## EXERCISE DIRECTIONS
Among the lines below, restate word for word only those from the line with "2023 08 24, au" through the line with "buka jam berapa", with both end lines kept.

## TASK INPUT

□ □ □ □ □ □ □

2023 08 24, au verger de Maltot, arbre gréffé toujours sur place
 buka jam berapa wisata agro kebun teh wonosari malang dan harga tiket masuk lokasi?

□ □ □ □ □ □ □

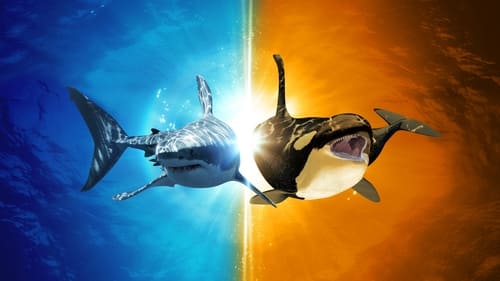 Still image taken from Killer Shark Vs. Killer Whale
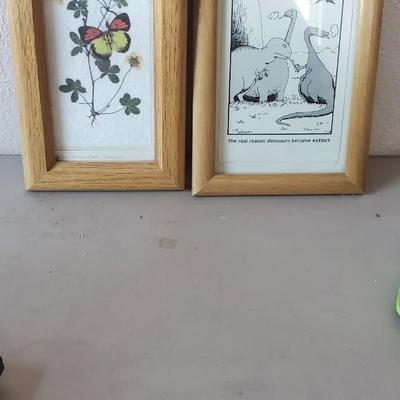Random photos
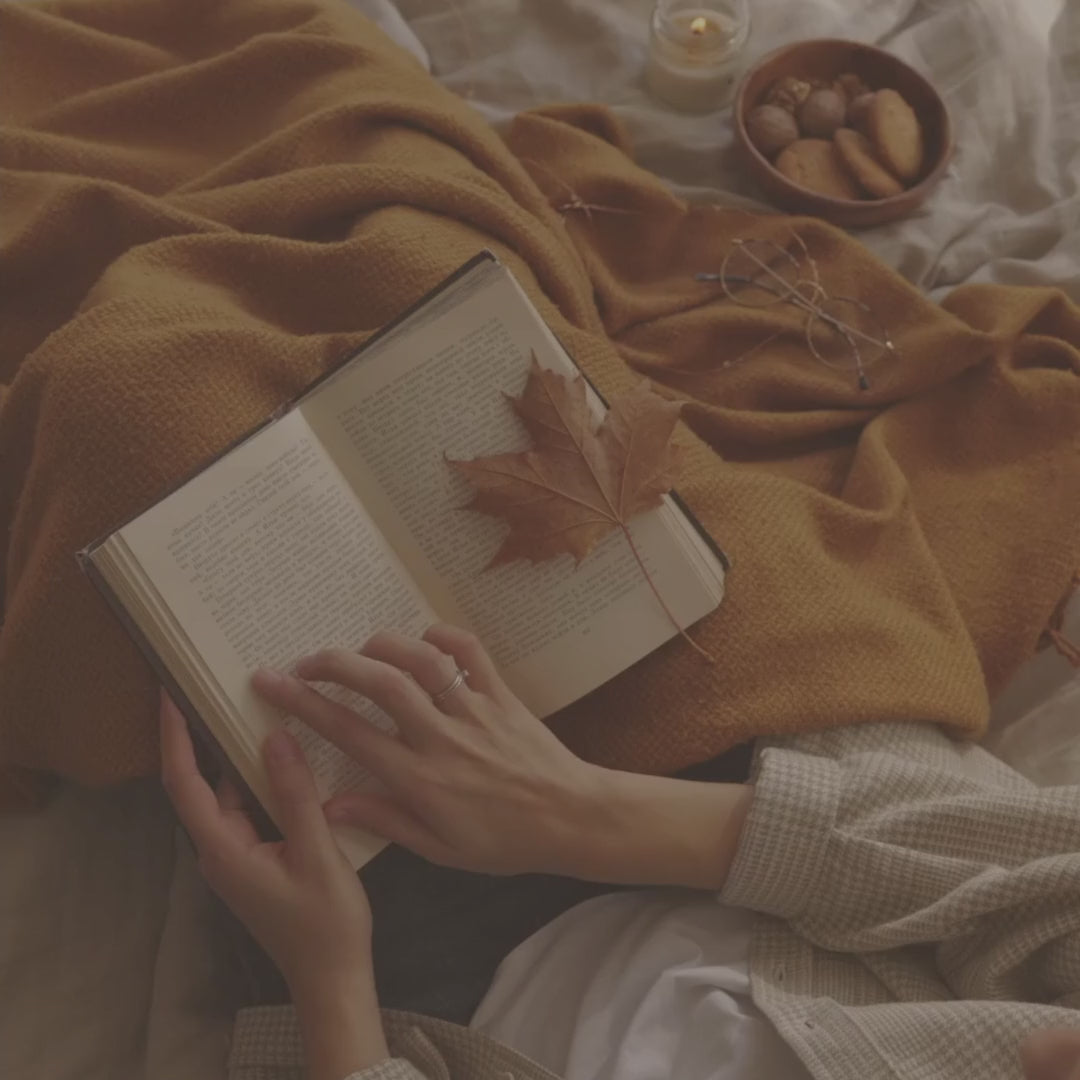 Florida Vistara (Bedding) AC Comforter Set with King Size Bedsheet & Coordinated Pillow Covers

□ □ □ □ □ □ □

## RESULT FOR THIS TASK
2023 08 24, au verger de Maltot, arbre gréffé toujours sur place
 buka jam berapa wisata agro kebun teh wonosari malang dan harga tiket masuk lokasi?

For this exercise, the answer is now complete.